Yoji Anjo . . . returns to his prior form, after that dreadful excuse for a mixed match at the Tokyo Dome, like a wild grizzly emerging from its winter slumber.

Nobuhiko Takada . . . once again ascends to the top of the proverbial UWF mountain, albeit in a mostly unsatisfying manner.



Kevin Kastelle answers the question ‘What if Bart Vale looked even more generic?’ Miyato looks like freaking Takada compared to this guy! Miyato even takes a page from the book of Fujiwara by getting called down and being instantly recovered but staying down longer just to milk the count. Kastelle throws some of the worst looking kicks, possibly in the history of shootstyle wrestling. Miyato makes the size difference look negligible with the ease at which he’s able to chop him down with leg kicks and take him to the mat. Even the finish sees Miyato score a couple of body kicks and casually take Kastelle over with a belly-to-belly suplex that Scott Steiner would be proud of, and then submits him with the single leg crab. It's nice to see Miyato being put into position to show exactly what he has to offer, it's too bad that it takes being saddled with some of the worst opponents possible in order to bring it out of him.

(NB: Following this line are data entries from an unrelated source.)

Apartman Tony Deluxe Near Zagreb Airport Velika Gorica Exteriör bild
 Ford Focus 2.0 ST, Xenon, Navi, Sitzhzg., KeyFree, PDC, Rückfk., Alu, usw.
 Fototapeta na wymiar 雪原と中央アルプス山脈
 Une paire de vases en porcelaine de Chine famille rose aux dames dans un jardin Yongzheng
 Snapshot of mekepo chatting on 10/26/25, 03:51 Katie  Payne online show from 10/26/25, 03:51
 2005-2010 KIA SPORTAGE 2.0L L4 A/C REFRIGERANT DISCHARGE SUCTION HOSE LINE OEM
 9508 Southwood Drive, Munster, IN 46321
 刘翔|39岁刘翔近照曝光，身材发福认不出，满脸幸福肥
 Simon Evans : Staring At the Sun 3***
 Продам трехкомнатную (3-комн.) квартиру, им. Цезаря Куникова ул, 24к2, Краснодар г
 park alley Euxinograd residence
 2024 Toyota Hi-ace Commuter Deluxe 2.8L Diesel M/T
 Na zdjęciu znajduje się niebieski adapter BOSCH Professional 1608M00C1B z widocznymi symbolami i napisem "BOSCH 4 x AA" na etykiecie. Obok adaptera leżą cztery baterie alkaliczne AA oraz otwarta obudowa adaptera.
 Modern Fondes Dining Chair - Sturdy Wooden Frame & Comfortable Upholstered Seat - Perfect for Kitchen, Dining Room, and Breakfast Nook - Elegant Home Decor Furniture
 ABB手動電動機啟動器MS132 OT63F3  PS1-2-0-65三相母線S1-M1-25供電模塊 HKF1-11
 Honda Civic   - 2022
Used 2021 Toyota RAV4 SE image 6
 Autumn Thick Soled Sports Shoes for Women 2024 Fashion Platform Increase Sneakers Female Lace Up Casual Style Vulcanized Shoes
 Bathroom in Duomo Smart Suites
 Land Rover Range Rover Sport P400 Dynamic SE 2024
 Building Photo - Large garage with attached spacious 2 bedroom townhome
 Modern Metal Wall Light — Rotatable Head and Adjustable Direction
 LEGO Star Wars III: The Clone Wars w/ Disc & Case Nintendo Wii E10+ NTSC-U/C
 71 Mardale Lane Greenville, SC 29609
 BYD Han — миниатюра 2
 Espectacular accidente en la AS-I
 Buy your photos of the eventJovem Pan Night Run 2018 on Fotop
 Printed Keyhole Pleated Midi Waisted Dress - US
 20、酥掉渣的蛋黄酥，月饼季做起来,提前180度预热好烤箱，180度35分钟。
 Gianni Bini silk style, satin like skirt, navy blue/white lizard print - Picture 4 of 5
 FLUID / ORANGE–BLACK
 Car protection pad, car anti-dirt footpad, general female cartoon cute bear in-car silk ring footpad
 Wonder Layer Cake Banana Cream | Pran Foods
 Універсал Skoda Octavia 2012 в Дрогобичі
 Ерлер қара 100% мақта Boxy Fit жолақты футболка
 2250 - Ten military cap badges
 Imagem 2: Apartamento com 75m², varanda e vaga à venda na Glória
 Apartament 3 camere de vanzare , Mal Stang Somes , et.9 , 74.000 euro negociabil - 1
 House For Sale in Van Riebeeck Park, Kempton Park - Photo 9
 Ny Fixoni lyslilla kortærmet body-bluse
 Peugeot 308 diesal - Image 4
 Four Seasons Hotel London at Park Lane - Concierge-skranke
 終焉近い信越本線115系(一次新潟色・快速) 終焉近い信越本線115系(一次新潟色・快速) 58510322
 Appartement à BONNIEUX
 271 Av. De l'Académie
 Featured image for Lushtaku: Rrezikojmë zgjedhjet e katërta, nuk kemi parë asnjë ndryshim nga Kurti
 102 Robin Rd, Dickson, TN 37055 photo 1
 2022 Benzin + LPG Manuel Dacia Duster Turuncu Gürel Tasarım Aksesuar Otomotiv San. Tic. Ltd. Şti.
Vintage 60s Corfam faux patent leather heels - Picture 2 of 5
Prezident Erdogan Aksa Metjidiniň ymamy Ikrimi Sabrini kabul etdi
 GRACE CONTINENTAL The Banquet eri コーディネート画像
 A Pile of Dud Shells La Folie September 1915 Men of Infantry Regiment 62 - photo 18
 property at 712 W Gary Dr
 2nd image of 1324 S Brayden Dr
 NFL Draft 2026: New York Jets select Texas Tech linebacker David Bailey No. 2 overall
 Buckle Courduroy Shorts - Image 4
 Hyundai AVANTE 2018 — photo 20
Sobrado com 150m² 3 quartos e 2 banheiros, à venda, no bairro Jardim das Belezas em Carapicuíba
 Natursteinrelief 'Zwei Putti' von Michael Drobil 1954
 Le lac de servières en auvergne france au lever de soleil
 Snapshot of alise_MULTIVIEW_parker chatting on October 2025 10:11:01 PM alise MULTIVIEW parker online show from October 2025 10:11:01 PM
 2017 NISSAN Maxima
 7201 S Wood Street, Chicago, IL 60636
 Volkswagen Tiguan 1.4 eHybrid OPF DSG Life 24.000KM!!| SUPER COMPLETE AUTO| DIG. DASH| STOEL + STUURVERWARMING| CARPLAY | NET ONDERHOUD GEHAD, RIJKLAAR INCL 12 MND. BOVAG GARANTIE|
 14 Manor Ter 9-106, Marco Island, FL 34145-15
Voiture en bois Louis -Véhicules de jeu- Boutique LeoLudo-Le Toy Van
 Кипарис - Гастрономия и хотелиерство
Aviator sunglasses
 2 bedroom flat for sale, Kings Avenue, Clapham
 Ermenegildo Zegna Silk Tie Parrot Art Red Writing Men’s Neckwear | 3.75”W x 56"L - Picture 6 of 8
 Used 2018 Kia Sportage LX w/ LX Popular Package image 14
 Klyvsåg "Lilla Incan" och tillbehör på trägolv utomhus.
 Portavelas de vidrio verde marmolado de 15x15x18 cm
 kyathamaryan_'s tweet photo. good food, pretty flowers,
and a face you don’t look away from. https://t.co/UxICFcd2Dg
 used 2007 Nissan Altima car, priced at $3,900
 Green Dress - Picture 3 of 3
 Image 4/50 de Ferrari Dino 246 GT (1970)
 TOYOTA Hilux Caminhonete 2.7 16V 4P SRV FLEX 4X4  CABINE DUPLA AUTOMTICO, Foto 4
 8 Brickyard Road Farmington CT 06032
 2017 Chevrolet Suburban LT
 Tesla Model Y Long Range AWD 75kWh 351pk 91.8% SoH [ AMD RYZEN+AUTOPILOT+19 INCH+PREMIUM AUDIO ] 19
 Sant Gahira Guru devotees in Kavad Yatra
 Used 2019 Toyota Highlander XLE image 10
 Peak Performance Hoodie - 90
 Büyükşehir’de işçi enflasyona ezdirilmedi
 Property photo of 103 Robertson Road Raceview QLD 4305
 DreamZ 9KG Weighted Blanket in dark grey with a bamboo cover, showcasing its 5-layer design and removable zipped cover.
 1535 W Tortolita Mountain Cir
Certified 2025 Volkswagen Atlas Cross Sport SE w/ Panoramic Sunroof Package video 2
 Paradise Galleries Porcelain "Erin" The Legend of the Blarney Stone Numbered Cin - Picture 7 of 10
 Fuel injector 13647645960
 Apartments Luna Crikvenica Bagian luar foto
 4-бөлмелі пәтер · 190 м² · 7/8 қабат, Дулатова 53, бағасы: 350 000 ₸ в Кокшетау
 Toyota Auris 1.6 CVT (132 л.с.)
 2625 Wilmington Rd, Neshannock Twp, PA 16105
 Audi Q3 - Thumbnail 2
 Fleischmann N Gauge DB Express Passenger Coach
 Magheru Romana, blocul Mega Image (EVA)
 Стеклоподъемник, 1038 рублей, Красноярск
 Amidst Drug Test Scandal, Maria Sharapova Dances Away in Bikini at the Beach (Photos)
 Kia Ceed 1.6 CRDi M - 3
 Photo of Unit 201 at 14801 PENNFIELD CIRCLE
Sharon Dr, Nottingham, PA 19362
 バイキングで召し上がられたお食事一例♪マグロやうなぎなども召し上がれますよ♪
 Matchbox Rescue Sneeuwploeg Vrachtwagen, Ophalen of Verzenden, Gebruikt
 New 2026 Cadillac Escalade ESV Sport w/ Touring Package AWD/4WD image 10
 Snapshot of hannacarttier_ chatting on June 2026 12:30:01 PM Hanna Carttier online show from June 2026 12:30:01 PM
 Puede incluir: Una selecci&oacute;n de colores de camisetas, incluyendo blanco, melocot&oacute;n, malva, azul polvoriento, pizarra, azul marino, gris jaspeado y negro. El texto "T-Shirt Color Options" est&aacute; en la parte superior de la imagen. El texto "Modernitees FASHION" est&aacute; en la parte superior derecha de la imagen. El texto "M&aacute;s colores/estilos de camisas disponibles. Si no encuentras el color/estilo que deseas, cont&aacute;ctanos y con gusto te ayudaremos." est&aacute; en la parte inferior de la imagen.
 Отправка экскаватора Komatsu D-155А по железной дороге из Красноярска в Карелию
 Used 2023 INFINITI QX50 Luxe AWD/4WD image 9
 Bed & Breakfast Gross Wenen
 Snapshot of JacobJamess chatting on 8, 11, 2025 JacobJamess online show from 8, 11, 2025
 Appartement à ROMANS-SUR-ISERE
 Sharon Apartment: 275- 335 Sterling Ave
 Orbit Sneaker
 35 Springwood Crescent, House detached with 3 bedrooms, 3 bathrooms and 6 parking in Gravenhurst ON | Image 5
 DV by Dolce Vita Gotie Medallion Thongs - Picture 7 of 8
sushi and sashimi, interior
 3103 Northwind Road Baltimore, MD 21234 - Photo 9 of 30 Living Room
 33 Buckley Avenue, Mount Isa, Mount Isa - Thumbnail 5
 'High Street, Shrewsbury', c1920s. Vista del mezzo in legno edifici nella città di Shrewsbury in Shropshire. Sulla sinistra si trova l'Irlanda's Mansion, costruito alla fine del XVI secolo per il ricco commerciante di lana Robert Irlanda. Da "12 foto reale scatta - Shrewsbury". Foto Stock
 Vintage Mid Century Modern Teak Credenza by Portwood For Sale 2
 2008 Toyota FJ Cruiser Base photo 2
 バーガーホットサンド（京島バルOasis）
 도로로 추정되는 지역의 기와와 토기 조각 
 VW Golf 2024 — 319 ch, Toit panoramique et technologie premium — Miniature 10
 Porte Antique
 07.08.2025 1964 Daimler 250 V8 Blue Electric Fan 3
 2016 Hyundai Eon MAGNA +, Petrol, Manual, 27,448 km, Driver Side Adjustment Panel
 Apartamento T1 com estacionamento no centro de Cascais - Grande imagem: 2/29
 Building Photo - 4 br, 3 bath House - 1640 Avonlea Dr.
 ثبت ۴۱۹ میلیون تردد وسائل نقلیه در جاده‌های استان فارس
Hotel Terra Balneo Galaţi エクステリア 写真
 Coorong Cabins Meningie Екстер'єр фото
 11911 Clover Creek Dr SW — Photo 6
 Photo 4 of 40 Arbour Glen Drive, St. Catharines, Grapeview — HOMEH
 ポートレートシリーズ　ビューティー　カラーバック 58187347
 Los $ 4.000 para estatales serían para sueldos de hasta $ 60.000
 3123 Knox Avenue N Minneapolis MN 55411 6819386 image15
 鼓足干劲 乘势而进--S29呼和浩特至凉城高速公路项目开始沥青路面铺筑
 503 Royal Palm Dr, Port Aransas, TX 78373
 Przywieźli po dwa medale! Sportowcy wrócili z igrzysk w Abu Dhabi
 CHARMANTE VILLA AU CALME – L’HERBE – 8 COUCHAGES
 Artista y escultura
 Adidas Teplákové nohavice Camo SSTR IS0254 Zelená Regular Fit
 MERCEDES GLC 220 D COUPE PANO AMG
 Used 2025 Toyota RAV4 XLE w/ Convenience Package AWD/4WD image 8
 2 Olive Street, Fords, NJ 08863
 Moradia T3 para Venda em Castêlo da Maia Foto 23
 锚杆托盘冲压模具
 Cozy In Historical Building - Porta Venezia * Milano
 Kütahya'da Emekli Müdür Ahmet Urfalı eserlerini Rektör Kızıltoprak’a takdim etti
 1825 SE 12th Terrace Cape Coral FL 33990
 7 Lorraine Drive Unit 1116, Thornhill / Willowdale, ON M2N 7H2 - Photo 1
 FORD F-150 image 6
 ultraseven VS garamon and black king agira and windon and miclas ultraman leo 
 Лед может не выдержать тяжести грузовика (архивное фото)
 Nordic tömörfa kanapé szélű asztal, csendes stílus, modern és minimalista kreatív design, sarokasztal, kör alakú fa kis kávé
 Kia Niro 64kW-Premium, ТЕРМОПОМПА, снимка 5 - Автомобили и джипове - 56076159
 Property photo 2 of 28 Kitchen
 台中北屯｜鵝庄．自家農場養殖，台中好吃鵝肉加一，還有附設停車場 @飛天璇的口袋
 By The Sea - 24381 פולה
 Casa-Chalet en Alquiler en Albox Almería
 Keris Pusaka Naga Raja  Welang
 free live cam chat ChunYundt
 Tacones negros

If nothing else, this is a decent look at what Suzuki was able to bring to the table so early in his career. He shows some of the attitude that he'd become famous for with his disrespectful slap to Wilkins. He also busts out one of the nastiest looking dropkicks that you'll ever see, sending Wilkins over the top and the ref giving him the ten-count while he's still on the floor. Wilkins looks better than Kastelle, but that's not exactly a high bar to clear. He gets a few nice escapes, and surprises Suzuki with a chickenwing armlock in the center of the ring, which Suzuki is forced to wrestle his way out of and gets a nice crowd response for doing. But other than those few things, Wilkins looks like the generic pro-style wrestler to go along with the generic kickboxer in the last match. They even use almost the exact same finish, with Suzuki using an overhead suplex to set up the single leg crab for the submission.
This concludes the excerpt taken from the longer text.